Tres horas después los comensales ocupaban aún sus asientos a la sombra de los olmos. No faltaba uno solo, ni el juez de Artigues, cuyo favor quería granjearse Arnaldo, y que se había sentado en el puesto de honor.
Circulaban los vasos llenos de vino con tanta rapidez como los chistes y alegres chanzonetas. Los jóvenes hablaban del porvenir, los viejos del pasado. Carbón Barreau hubo de convencerse de que el dueño de la casa se llamaba Martín Guerra, puesto que como tal le conocían y trataban todos los vecinos de Artigues.
—Oye, Martín Guerra —decía uno—; ¿te acuerdas de aquel fraile agustino, el padre Crisóstomo, que nos enseñó a leer a los dos?
—¡Y tanto si lo recuerdo! —respondía Arnaldo.
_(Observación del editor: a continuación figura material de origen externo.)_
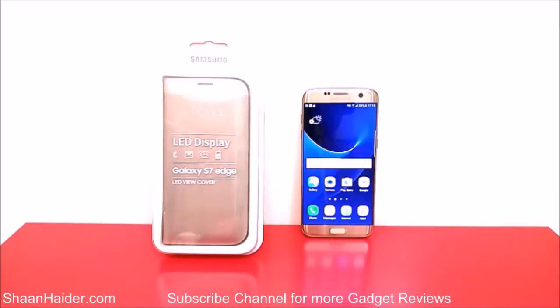Hey guys, this is Sean from seanwitha.com and today we have the official Samsung Galaxy S7 Edge LED View Cover. We are going to perform an unboxing and quick review of this case. First of all, thanks to Mobile Fun for providing this case to us for the review.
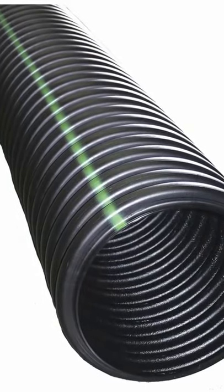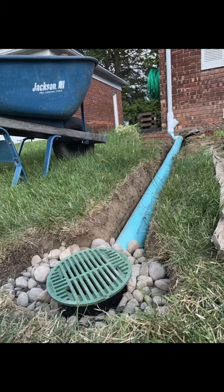You can use corrugated pipe like this, or pay the extra cash and use PVC. PVC will last longer and you'll have the ability to snake the drain if you get a clog.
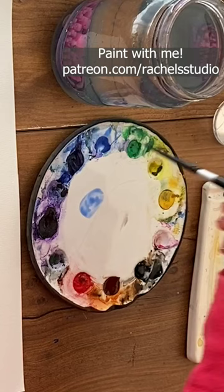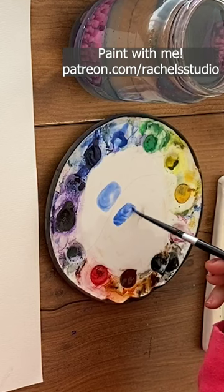Watercolor beginners, do you know the difference between tea, milk, and cream consistency paint? To get light values, mix in a lot of water with your paint for tea consistency.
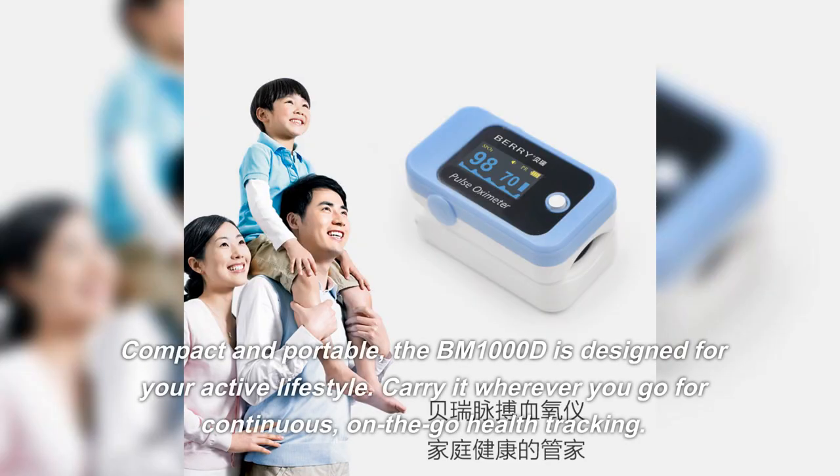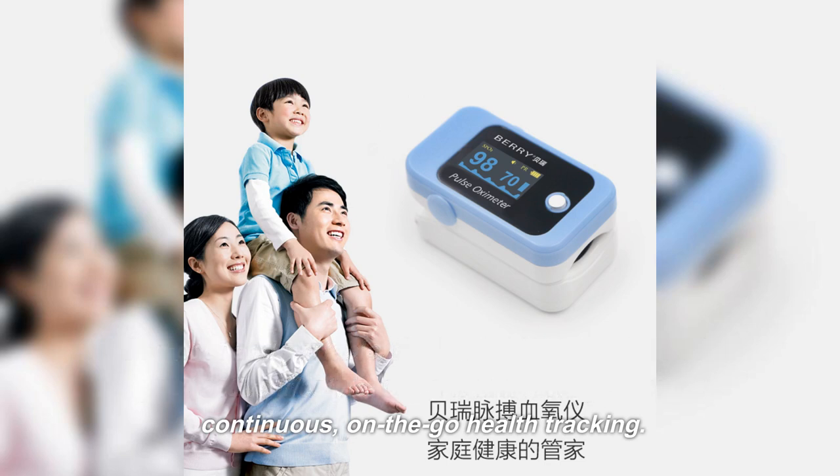Compact and portable, the BM-1000D is designed for your active lifestyle. Carry it wherever you go for continuous, on-the-go health tracking.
—¿Te acuerdas, primo Martín —preguntaba otro—, que el día de tu boda se dispararon por primera vez en el pueblo tiros de arcabuz, en señal de regocijo?
—Como si fuera ayer —contestaba Arnaldo, abrazando a su mujer como para reavivar sus recuerdos.
—Ya que tan buena memoria tienes —dijo de pronto una voz de timbre enérgico, a espaldas de los comensales—, ya que de tantas cosas sabes, Arnaldo de Thill, tal vez te acuerdes también de mí; ¿me equivoco?